Washington: The descent of the 2016 presidential campaign last week into the realm of sex tapes and marital infidelity was remarkable enough in its own right, but it also offered a reminder of what has been largely absent from the race: a debate about issues of public morality that for decades have been at the heart of the country’s political divide.

In a striking departure from the recent history of White House campaigns, there has been almost no discussion of abortion or gay rights, two of the most animating issues for millions of American voters.

“This is more about this year’s candidates than it is about the country,” said Russell Moore, the public face of the Southern Baptist Convention. “I don’t think America is as secular as this campaign would have you think.”

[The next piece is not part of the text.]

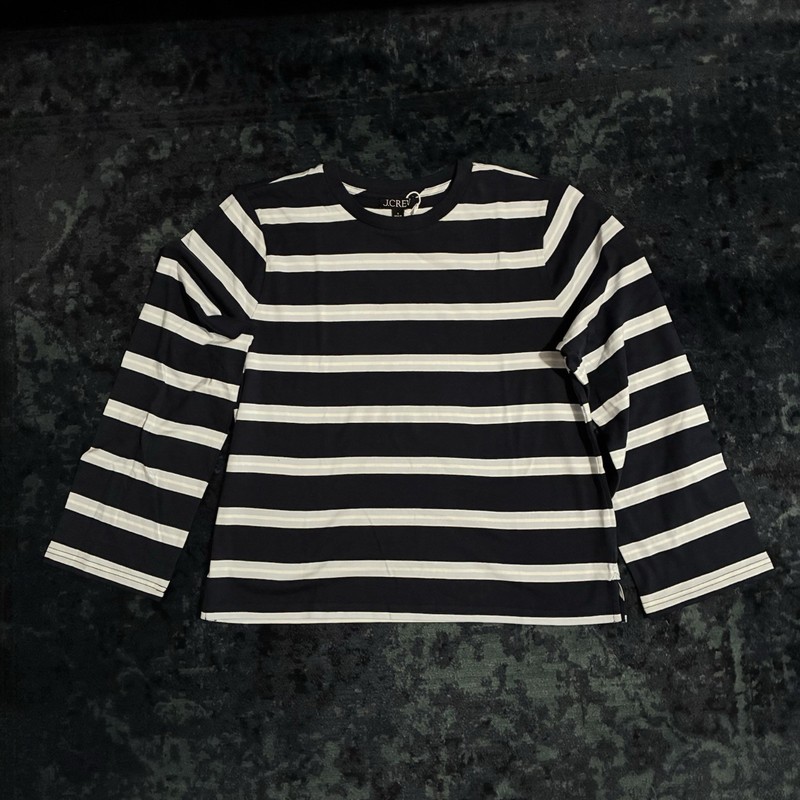 J Crew boyfriend long-sleeve t-shirt, striped, small women's gallery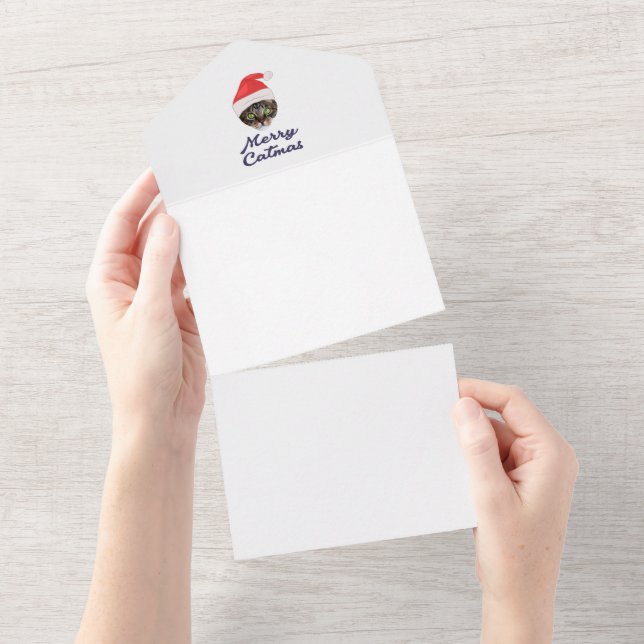 Merry Catmas, Christmas Cat Santa hat Invitation (Tearaway)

The country may get a reminder of that Tuesday evening during the vice-presidential debate.

The two men who will face off, Senator Tim Kaine of Virginia and Governor Mike Pence of Indiana, share a deep religious faith that is central to their politics, but has been obscured by a more profane than holy race on top of the ticket.

While both men are devout, they represent different strands of Christianity in American life, a contrast that is likely to be on display as they discuss their positions on social issues and how religious beliefs would guide their approach to governing.

Pence, who was raised Catholic, turned toward evangelical Christianity when he was in college and has made no secret of how cultural issues have shaped his politics. He was one of the most outspoken foes of abortion rights and same-sex marriage when he was Congress. And as Indiana’s governor, he became engulfed in controversy after he signed legislation allowing the state’s business owners to deny services to gay, lesbian and transgender people for religious reasons.

But Pence, whose signature line is that he is “a Christian, a conservative and a Republican — in that order,” finds himself in a campaign devoid of any debate about the moral questions that have for decades been central to the country’s right-left political divide.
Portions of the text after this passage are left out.